** Instructions for the task **
When writing out the listing below, reproduce every word exactly and skip the pictures.
BEGIN Exercise data
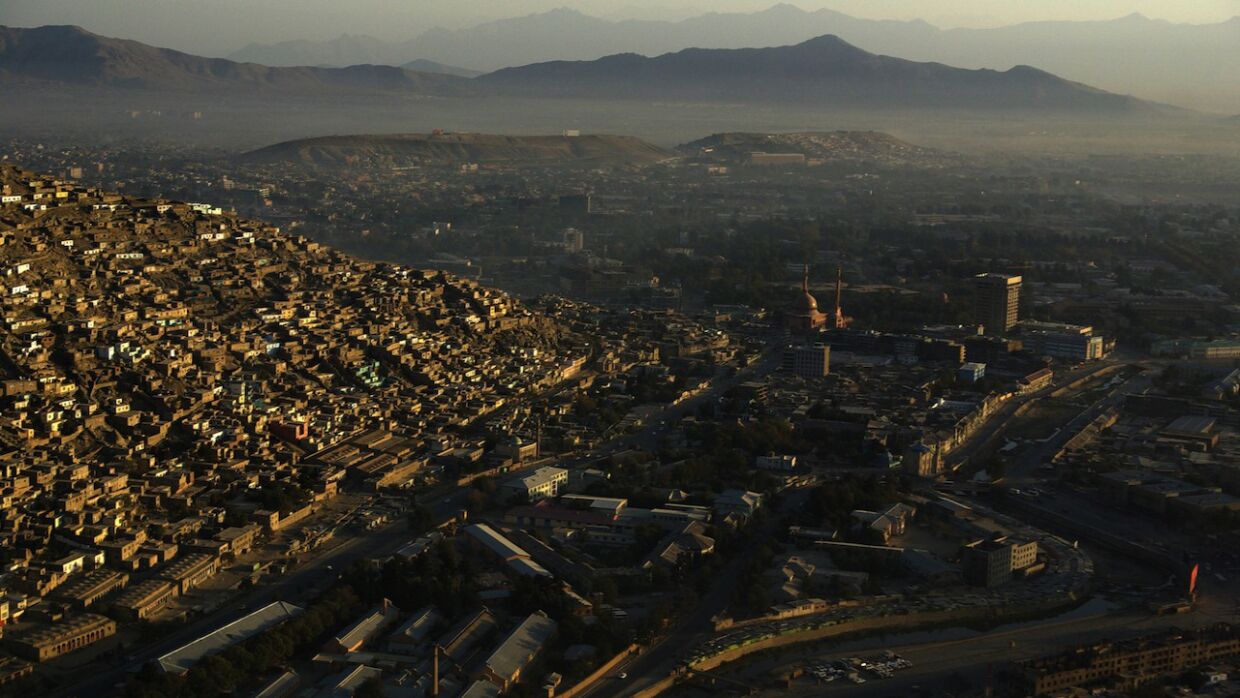 «Вилаят Хорасан» взял на себя ответственность за подрыв автобуса в Кабуле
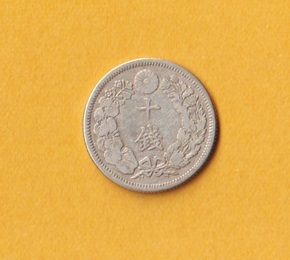 ☆旭日10銭銀貨《明治43年》　　美品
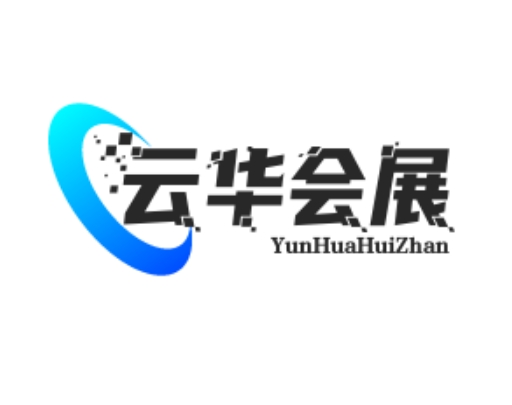 云华会展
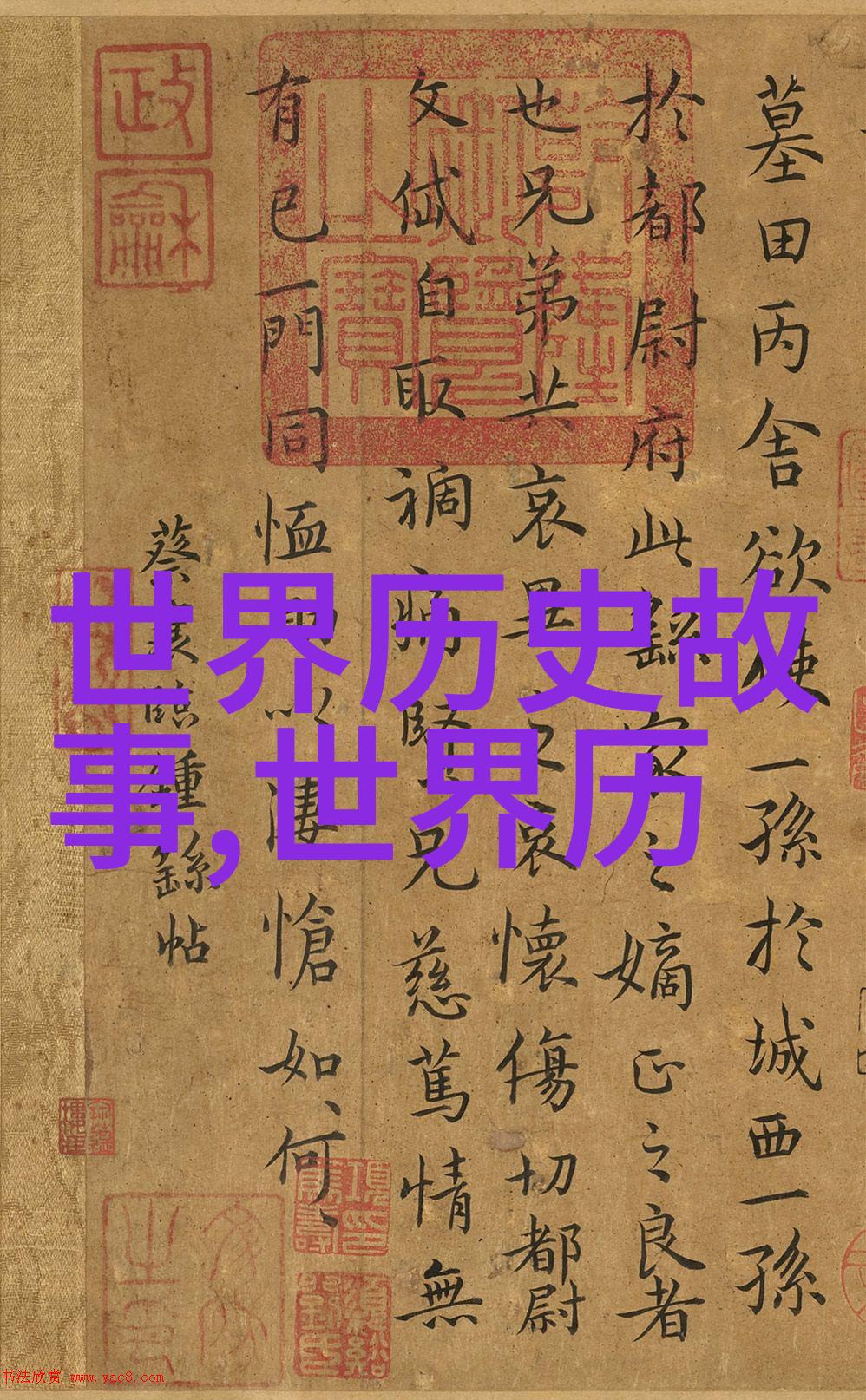 社会阶层与权力斗争神話中的贵族农民和奴隶他们之间是怎样互动的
END Exercise data
** Result of this task **
 «Вилаят Хорасан» взял на себя ответственность за подрыв автобуса в Кабуле
 ☆旭日10銭銀貨《明治43年》　　美品
 云华会展
 社会阶层与权力斗争神話中的贵族农民和奴隶他们之间是怎样互动的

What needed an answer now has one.